WHAT IS BEING ASKED —
Word for word, please copy the listing below, with its pictures left out.

DATA LISTING —
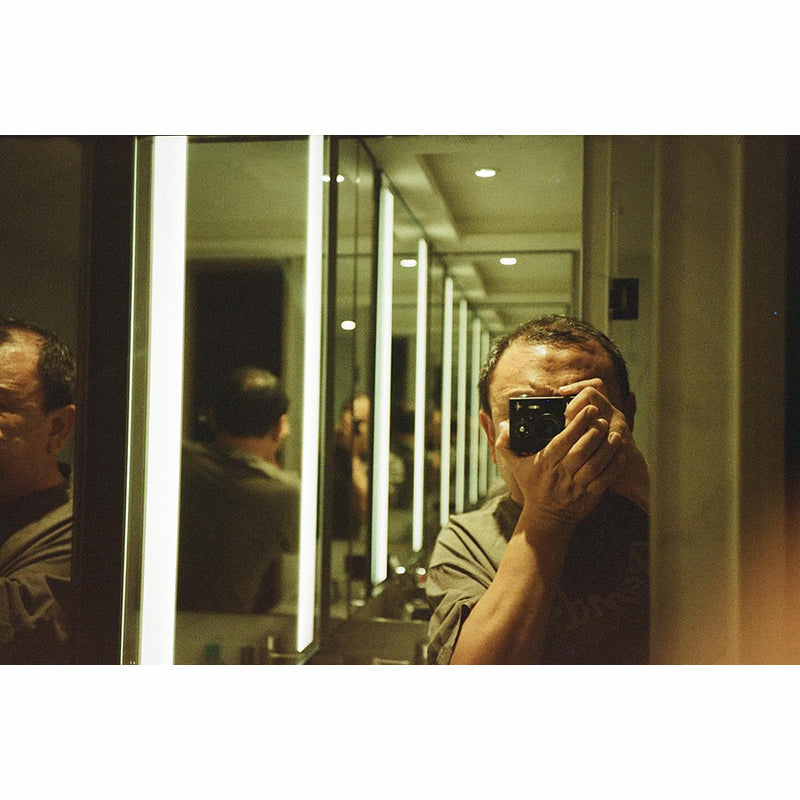 Ilford Ilfocolor Vintage Tone 400 Plus 35mm Film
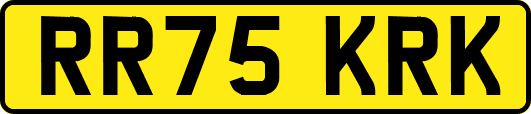 RR75KRK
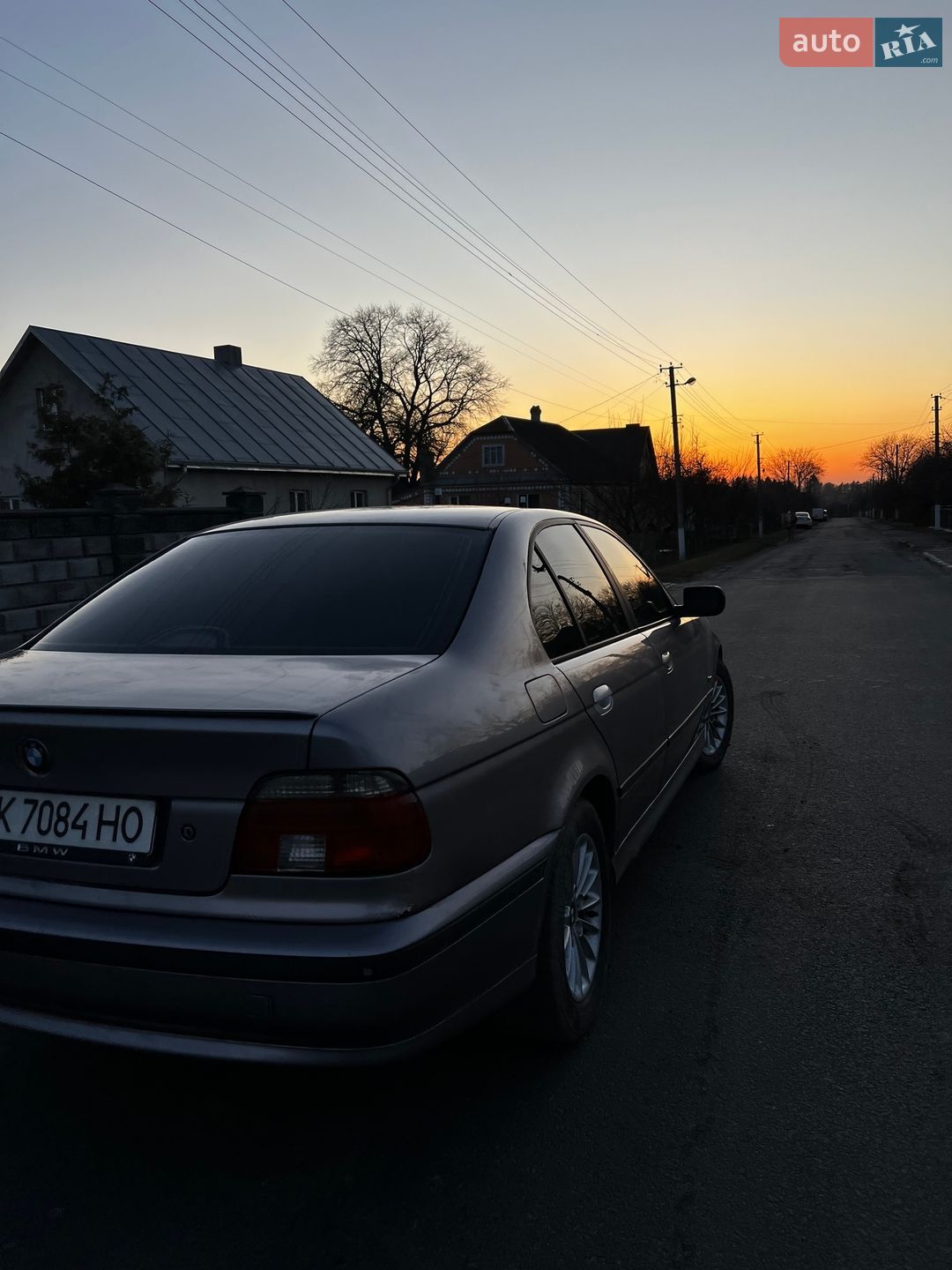 BMW 5 Series 1999 VIN WBADL81090GX31889 фото оголошення 6 з 6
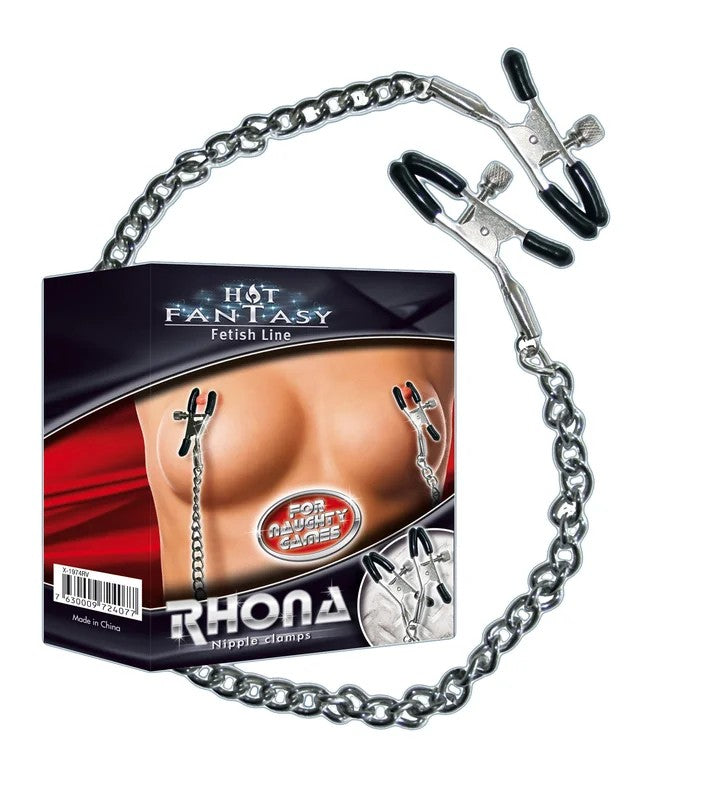 HOTFANTASYRhona–Nippleclamps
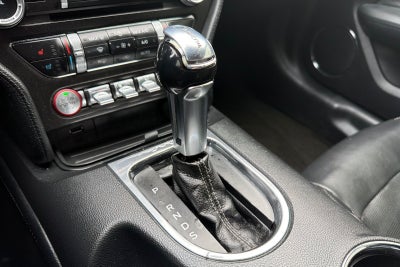 2018 Ford Mustang EcoBoost Premium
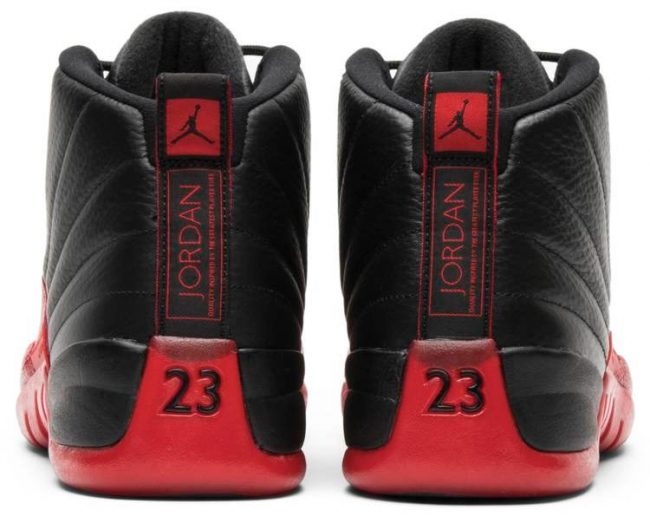 Air Jordan 12 Retro 'Flu Game' 2016 130690-002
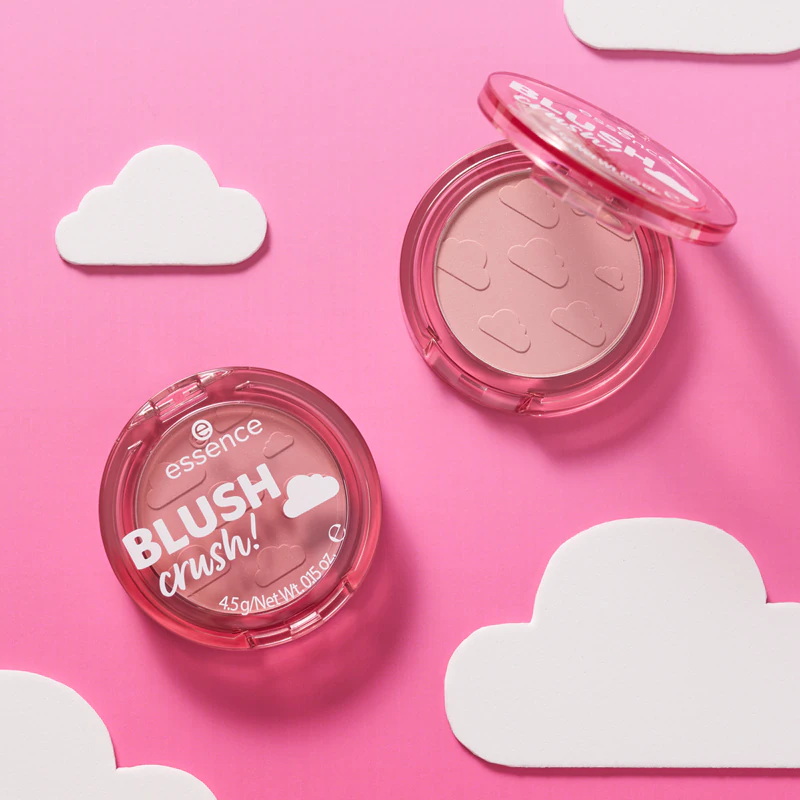 essence BLUSH crush! blush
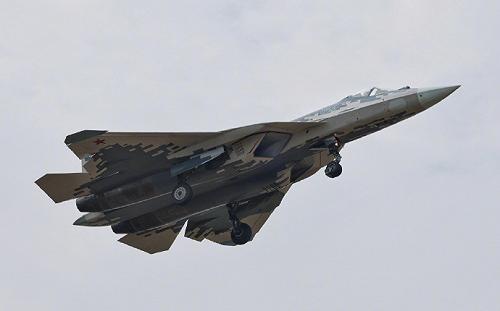 F-35只能排第二! 全球五代戰機它能衝最高 殲-20能爬升到這高度.....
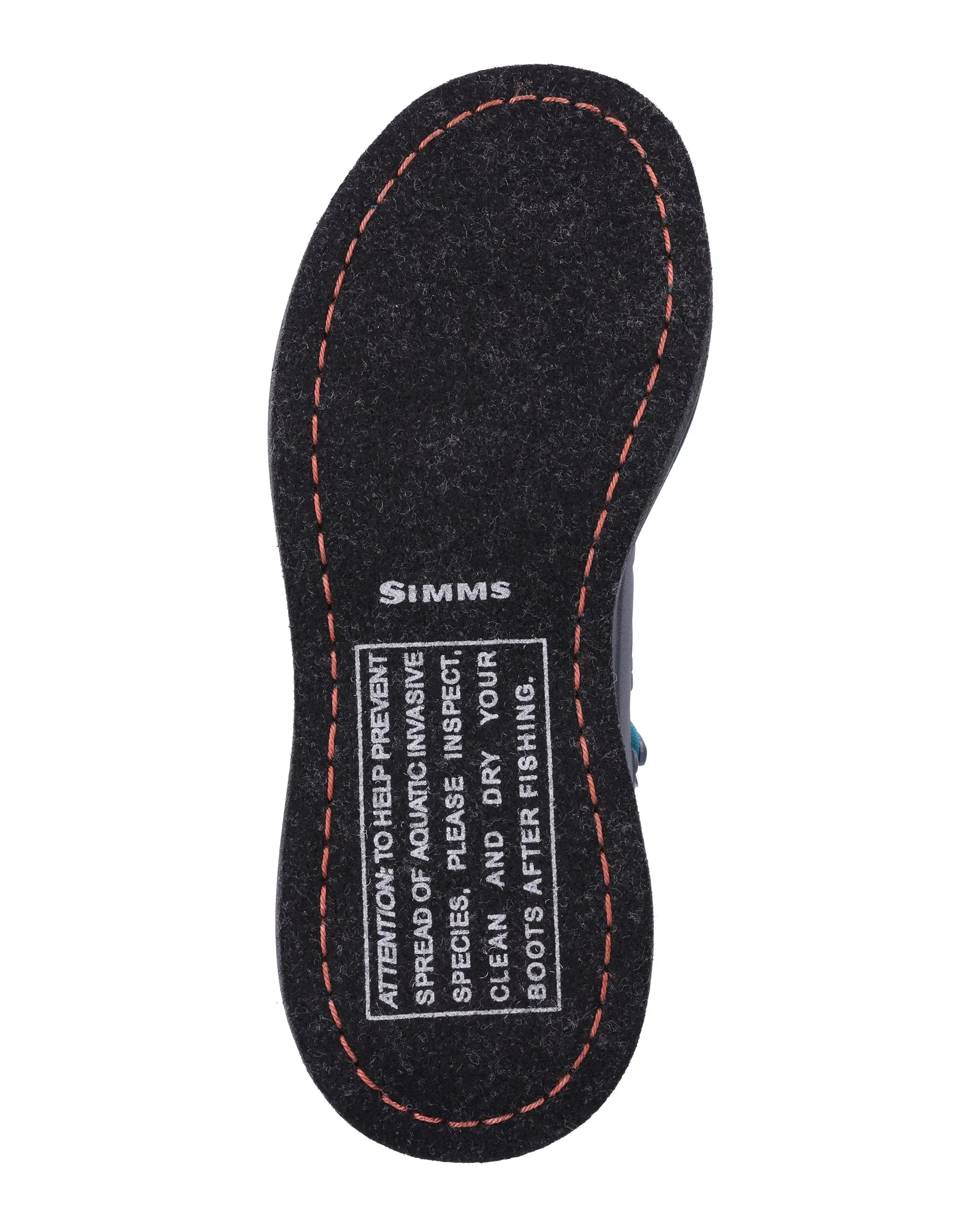Simms Women's Freestone Boot Felt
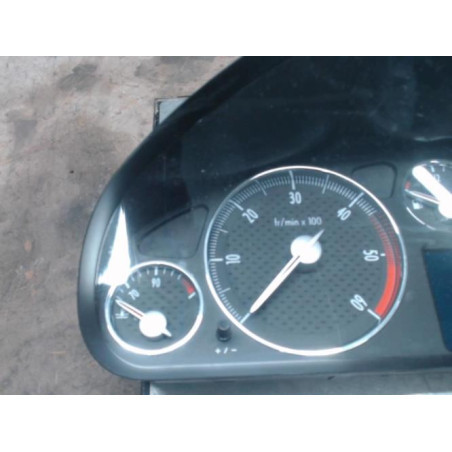 Compteur PEUGEOT 407 Photo n°1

RESPONSE —
 Ilford Ilfocolor Vintage Tone 400 Plus 35mm Film
 RR75KRK
 BMW 5 Series 1999 VIN WBADL81090GX31889 фото оголошення 6 з 6
 HOTFANTASYRhona–Nippleclamps
 2018 Ford Mustang EcoBoost Premium
 Air Jordan 12 Retro 'Flu Game' 2016 130690-002
 essence BLUSH crush! blush
 F-35只能排第二! 全球五代戰機它能衝最高 殲-20能爬升到這高度.....
Simms Women's Freestone Boot Felt
 Compteur PEUGEOT 407 Photo n°1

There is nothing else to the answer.